• **Task material**

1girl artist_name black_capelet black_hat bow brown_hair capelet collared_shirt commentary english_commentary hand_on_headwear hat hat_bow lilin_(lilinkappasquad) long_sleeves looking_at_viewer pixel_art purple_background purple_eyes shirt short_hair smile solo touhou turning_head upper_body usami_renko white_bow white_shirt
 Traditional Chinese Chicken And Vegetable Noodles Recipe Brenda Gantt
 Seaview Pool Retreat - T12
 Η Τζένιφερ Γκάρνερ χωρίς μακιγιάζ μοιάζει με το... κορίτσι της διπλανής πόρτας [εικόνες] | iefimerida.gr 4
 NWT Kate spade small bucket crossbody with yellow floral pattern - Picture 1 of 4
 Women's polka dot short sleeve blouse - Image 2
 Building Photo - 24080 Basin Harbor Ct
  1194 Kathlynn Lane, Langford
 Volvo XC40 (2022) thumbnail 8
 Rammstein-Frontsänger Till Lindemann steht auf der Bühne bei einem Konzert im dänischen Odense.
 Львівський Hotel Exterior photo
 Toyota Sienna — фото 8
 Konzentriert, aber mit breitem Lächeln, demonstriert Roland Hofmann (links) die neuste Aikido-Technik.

• **Exercise brief**
All lines above from the line with "Seaview Pool Retreat - T12" through the line with "Toyota Sienna — фото 8", both included, are to be set down exactly, with nothing else.

• **Task solution**
 Seaview Pool Retreat - T12
 Η Τζένιφερ Γκάρνερ χωρίς μακιγιάζ μοιάζει με το... κορίτσι της διπλανής πόρτας [εικόνες] | iefimerida.gr 4
 NWT Kate spade small bucket crossbody with yellow floral pattern - Picture 1 of 4
 Women's polka dot short sleeve blouse - Image 2
 Building Photo - 24080 Basin Harbor Ct
  1194 Kathlynn Lane, Langford
 Volvo XC40 (2022) thumbnail 8
 Rammstein-Frontsänger Till Lindemann steht auf der Bühne bei einem Konzert im dänischen Odense.
 Львівський Hotel Exterior photo
 Toyota Sienna — фото 8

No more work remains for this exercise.